For everyone who exalts himself will be humbled, but he who humbles himself will be exalted.
Luke 18:14


Dreams, lately, of the humiliation, shaming kind: I am in a public place and find to my horror that I have neglected to wear a skirt. I open my mouth to speak before a crowd of people and find that I am mute. The people who invited me are angry; the audience grows impatient -- finally I slink off the stage in utter defeat, attempting to explain to someone, anyone, but unable to speak.

You mustn't blow your own horn. Don't talk about what you do well. Don't admit to doing anything well. Be modest and self-effacing. It's very wrong to be proud of yourself.

And something bad will happen if you are. Like forgetting to wear your skirt. Or losing your voice. Is there someone, somewhere who has not known the struggle between the sense of giftedness and the reality of falling short? Someone who has not longed for credit where credit is due, and then felt ashamed of that longing? Where does honest delight in accomplishment end and pride begin?

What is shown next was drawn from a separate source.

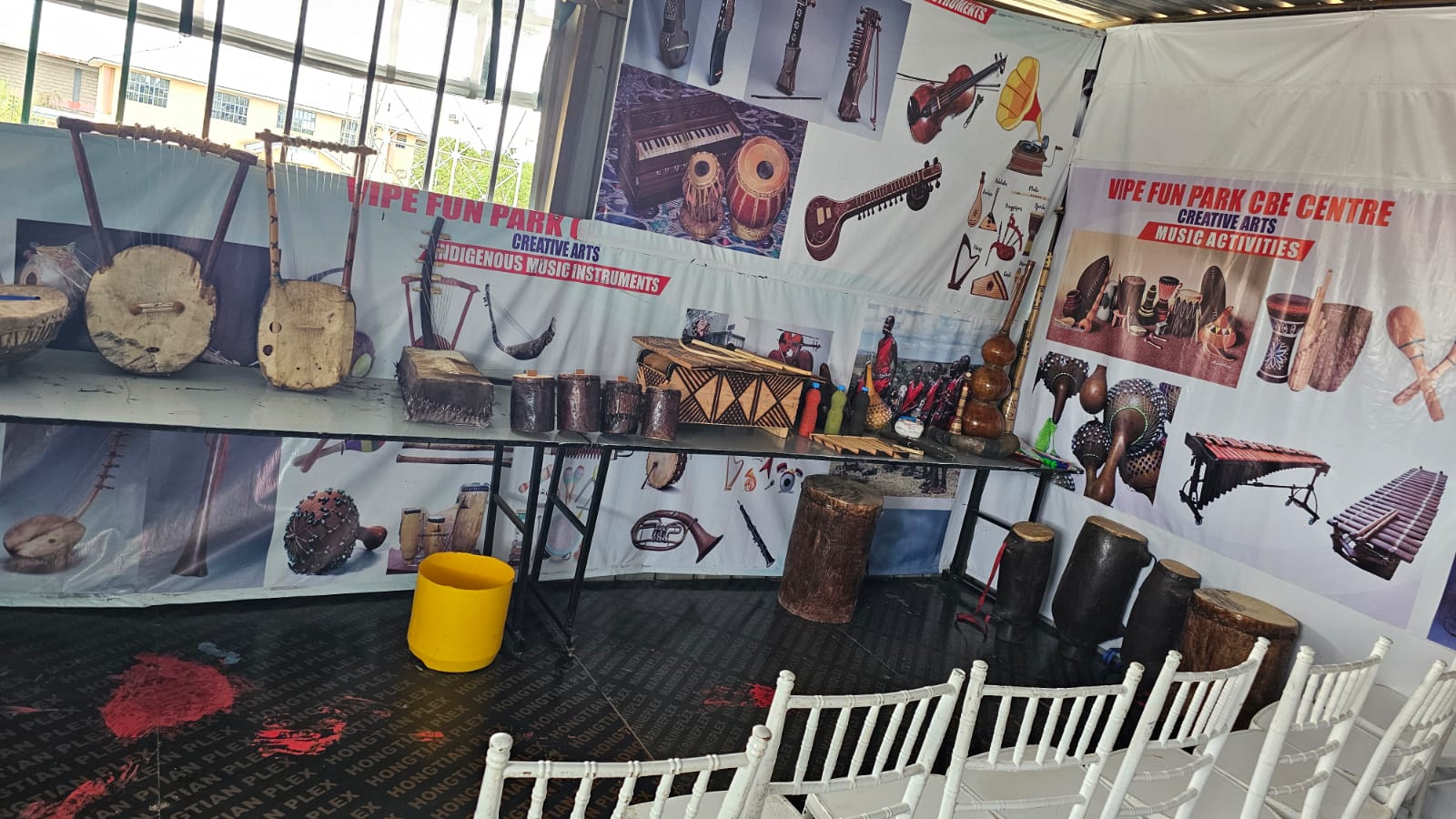 Indigenous Kenyan drums, lyres and shakers arranged in the CBE Centre music activities area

The truth is, it is not just those who exalt themselves who will be humbled: we will all be humbled. None of us are getting out of here alive, and the dying are not ordinarily the picture of health and strength: we all have some tough times ahead. This passage may be much less about cultivating a neurotic reluctance to commend the good that is in us than it is about the mortality we all share.

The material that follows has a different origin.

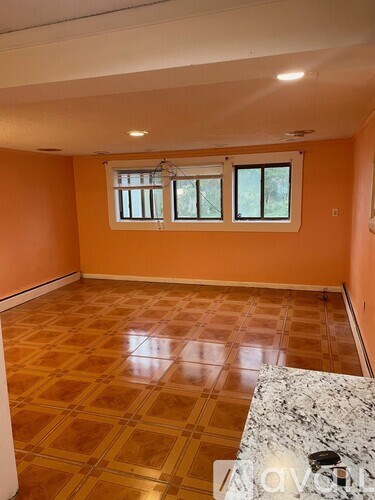 A room with orange walls and a tiled floor.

We will all fall, but those who refuse to humble themselves beforehand will fall farther. Those for whom any sort of self-denial is an outrage are certain to be outraged by what is certain to happen to them one day. Those unaccustomed to doing without will suffer more; they won't be used to it. Now is the time to cultivate resources other than those upon which the world depends, resources within ourselves, things that cannot be taken from us when everything else has been.

Those who have nothing else continue to have the love of God. Those who have much have the love of God, too. Rummage among your many possessions now, and find it in an unexpected place within you, against the time when you, too, have only that love to sustain you.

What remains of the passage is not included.